Natural hazards are the price we pay for living on an active planet. The tectonic plate subduction producing Japan's rugged Tohoku coast gives rise to earthquakes and tsunamis. Florida's warm sunny weather results from the processes in the ocean and atmosphere that cause hurricanes. The volcanoes that produced Hawaii's spectacular islands sometimes threaten people. Rivers that provide the water for the farms that feed us sometimes flood.
Humans have to live with natural hazards. We describe this challenge in terms of hazards, the natural occurrence of earthquakes or other phenomena, and the risks, or dangers they pose to lives and property. In this formulation, the risk is the product of hazard and vulnerability. We want to assess the hazards - estimate how significant they are - and develop methods to mitigate or reduce the resulting losses.
Hazards are geological facts that are not under human control. All we can do is try to assess them as best we can. In contrast, risks are affected by human actions that increase or decrease vulnerability, such as where people live and how they build. We increase vulnerability by building in hazardous areas, and decrease it by making buildings more hazard resistant. Areas with high hazard can have low risk because few people live there. Areas of modest hazard can have high risk due to large population and poor construction. A disaster occurs when - owing to high vulnerability - a natural event has major consequences for society.
The harm from natural disasters is enormous. On average, about 100,000 people per year are killed by natural disasters, with some disasters - such as the 2004 Indian Ocean tsunami - causing many more deaths. Although the actual numbers of deaths in many events, such as the 2010 Haiti earthquake, are poorly known, they are very large.

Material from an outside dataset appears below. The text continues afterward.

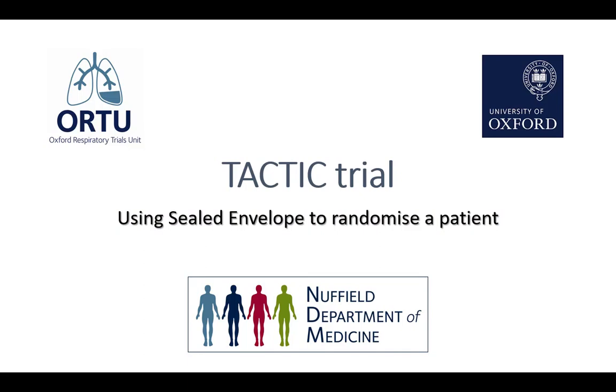Sealed Envelope Training for Tactic. Sealed Envelope is a web-based randomization system.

Economic impacts are even harder to quantify, and various measures are used to try to do so. Disasters cause losses, which are the total negative economic impact. These include direct losses due to destruction of physical assets such as buildings, farmland, forests, etc., and indirect losses that result from the direct losses. Because losses are hard to determine, what is reported is often the cost, which refers to payouts by insurers (called insured losses) or governments to reimburse some of the losses. Thus, the reported cost does not reflect the losses to people who do not receive such payments.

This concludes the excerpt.